**Given information**
---+---

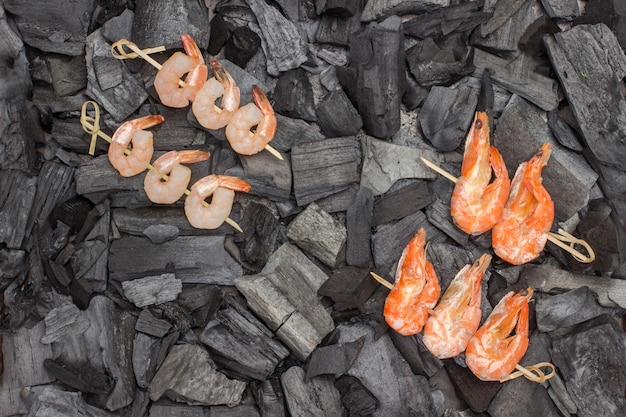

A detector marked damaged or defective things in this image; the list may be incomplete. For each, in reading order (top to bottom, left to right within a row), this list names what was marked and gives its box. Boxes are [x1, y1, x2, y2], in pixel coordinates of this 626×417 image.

charred wood chunk [3, 0, 95, 54]
charred wood chunk [132, 0, 210, 49]
charred wood chunk [223, 25, 260, 67]
charred wood chunk [274, 68, 316, 122]
charred wood chunk [316, 88, 360, 136]
charred wood chunk [346, 15, 404, 138]
charred wood chunk [404, 36, 472, 88]
charred wood chunk [420, 84, 478, 151]
charred wood chunk [540, 22, 624, 169]
charred wood chunk [290, 136, 358, 206]
charred wood chunk [490, 94, 596, 221]
charred wood chunk [286, 201, 346, 266]
charred wood chunk [344, 185, 372, 266]
charred wood chunk [233, 242, 332, 360]
charred wood chunk [316, 266, 376, 308]
charred wood chunk [199, 292, 288, 380]
charred wood chunk [147, 342, 245, 404]
charred wood chunk [280, 366, 344, 414]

---+---

**Exercise prompt**
Line by line, retype the records above exactly, minus the images.

**Your response**
A detector marked damaged or defective things in this image; the list may be incomplete. For each, in reading order (top to bottom, left to right within a row), this list names what was marked and gives its box. Boxes are [x1, y1, x2, y2], in pixel coordinates of this 626×417 image.

charred wood chunk [3, 0, 95, 54]
charred wood chunk [132, 0, 210, 49]
charred wood chunk [223, 25, 260, 67]
charred wood chunk [274, 68, 316, 122]
charred wood chunk [316, 88, 360, 136]
charred wood chunk [346, 15, 404, 138]
charred wood chunk [404, 36, 472, 88]
charred wood chunk [420, 84, 478, 151]
charred wood chunk [540, 22, 624, 169]
charred wood chunk [290, 136, 358, 206]
charred wood chunk [490, 94, 596, 221]
charred wood chunk [286, 201, 346, 266]
charred wood chunk [344, 185, 372, 266]
charred wood chunk [233, 242, 332, 360]
charred wood chunk [316, 266, 376, 308]
charred wood chunk [199, 292, 288, 380]
charred wood chunk [147, 342, 245, 404]
charred wood chunk [280, 366, 344, 414]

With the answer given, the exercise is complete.